And these figures are not used so much to represent the duration of punishment, as to indicate its
intensity, and its uninterrupted, absolute continuous character so long as it lasts, which must be
as long as its cause continues, i.e., sin in the soul."

Dr. Ballou says in Vol. 1, Universalist Quarterly: "This passage is metaphorical. Jesus uses this
well-known example of a most painful sacrifice for the preservation of corporeal life, only that he
may the more strongly enforce a corresponding solicitude to preserve the moral life of the soul.
And if so, it naturally follows that those prominent particulars in the passages which literally relate
to the body, are to be understood as figures, and interpreted accordingly. If one's eye or hand
become to him an offense, or cause of danger, it is better to part with it than to let it corrupt the
body fit to be thrown into the valley of Hinnom. . . . It is better to deny ourselves everything
however innocent and even valuable in itself, if it become an occasion of sin, lest it should be the
means of bringing upon us the most dreadful consequences-consequences that are aptly
represented in the figure by having one's dishonored and putrid corpse thrown into the accursed
valley of Hinnom."


DESTROY SOUL AND BODY IN HELL

"And fear not them which kill the body, but are not able to kill the soul; but rather fear him which is
able to destroy both soul and body in Hell. Matt. 10:28. "But I will forewarn you whom you shall
fear: Fear Him which, after he has killed, has power to cast into Hell: yea, I say unto you, fear
him." Luke 12:5. The reader of these verses and the accompanying language, will observe that
Jesus is exhorting his disciples to have entire faith in God. The most that men can do is to destroy
the body, but God "is able," "has power" to destroy both soul and body in Gehenna. It is not said
that God has any disposition or purpose of doing so. He is able to do it, as it is said (Matt. 3:9) he
is "able of these stones to raise up children unto Abraham." He never did and never will raise up
children to Abraham of the stones of the street, but he is able to, just as he is able to destroy soul
and body in Gehenna, while men could only destroy the body there. Fear the might power of God
who could if he chose, annihilate man while the worst that men could do would be to destroy the
mere animal life. It is a forcible exhortation to trust in God, and has no reference to torment after
death. Fear not those who can only torture you-man-but fear God who can annihilate (apokteino.)

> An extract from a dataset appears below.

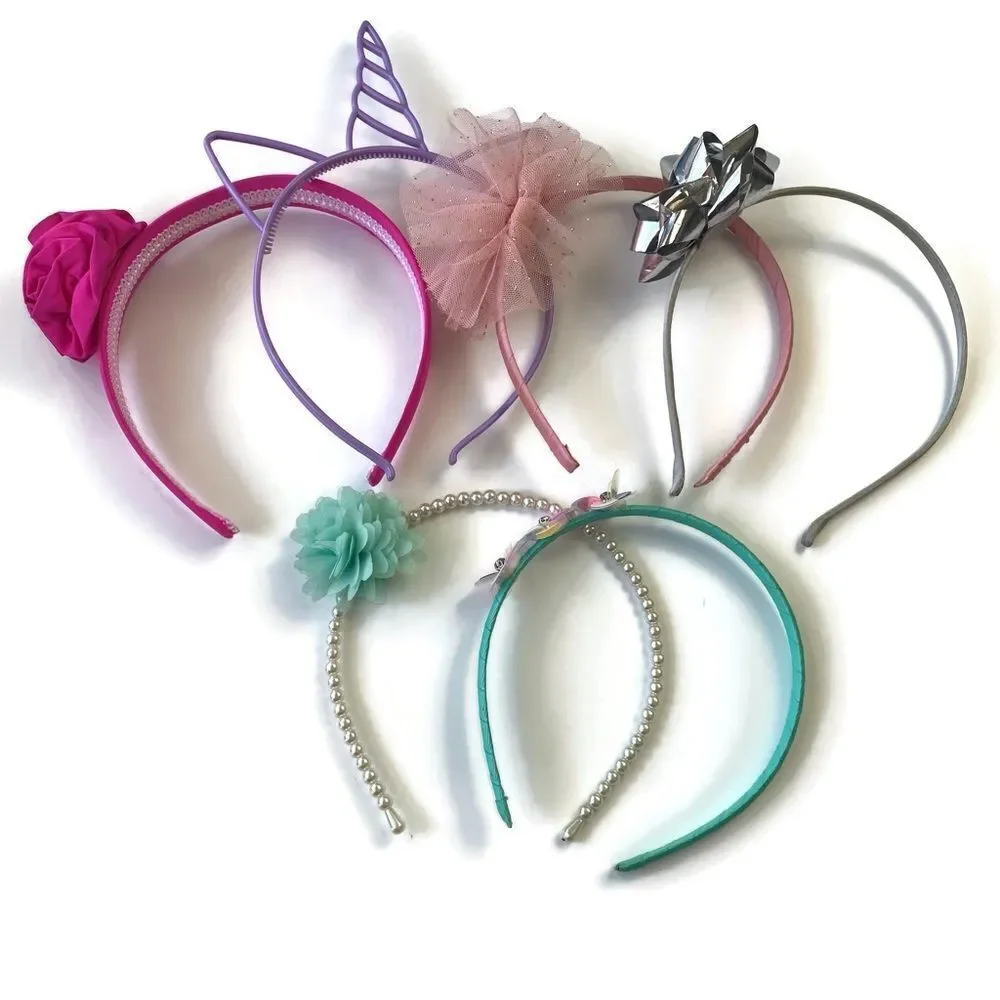 19pc. Girl’s Headbands Set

1. This language was addressed by Christ to his disciples, and not to sinners.

2. It proves God's ability to annihilate (destroy) and not his purpose to torment. Donnegan defines
apollumi, "to destroy utterly."

Says a writer in the Universalist Expositor, (Vol. 4): "That it was the design of Christ, to lead his
disciples to reverence the surpassing power of God, which he thus illustrated, and not to make
them fear an actual destruction of their souls and bodies in Gehenna, seems evident from the
words that immediately follow. For he proceeds to show words that immediately follow. For he
proceeds to show them that that power was constantly exerted in their behalf - not against them.
See the following verses."

The word rendered soul is psuche, life, same as in verse 39, "He that finds his life shall lose it,
and he that loses his life for my sake shall find it."

Also, John 13:37, "I will lay down my life for thy sake." The word psuche is translated "mind,"
"soul," "life," "hear," "minds," and "souls." Acts 14:2, "And made their minds (psuche) evil affected
against the brethren." Eph. 6:6, "Doing the will of God from the heart," (psuche).

Matt. 11:29, "Learn of me. . . and you shall find rest unto your souls." (psuche).

Rom. 13:1, "Let every soul (psuche) be subject unto the higher powers." The immortal soul is not
meant, but the life. As though Jesus had said: "Fear Not those who can only kill the body, but
rather Hm, who if he chose could annihilate the whole being." Fear not man but God. "So much
may suffice to show the admitted fact, that the destruction of soul and body was a proverbial
phrase, indicating utter extinction or complete destruction." Paige.

Dr. W. E. Manley observes that the condition threatened "Is one wherein the body can be killed.
And no one has imagined any such place, outside the present state of being. Nor can there be
the least doubt about the nature of this killing of the body; for the passage is so constructed as to
settle this question beyond all controversy. It is taking away the natural life as was done by the
persecutors of the apostles. By supposing the term Hell to denote a condition now in the present
life, there is no absurdity involved. Sinful men may here suffer both natural death and moral
death; but in the future life natural death cannot be suffered; whatever may be said of moral
death. Add to this that the Jews used Gehenna as an emblem of a temporal condition, at the time
of Christ; but there is no evidence that they used it to represent future punishment.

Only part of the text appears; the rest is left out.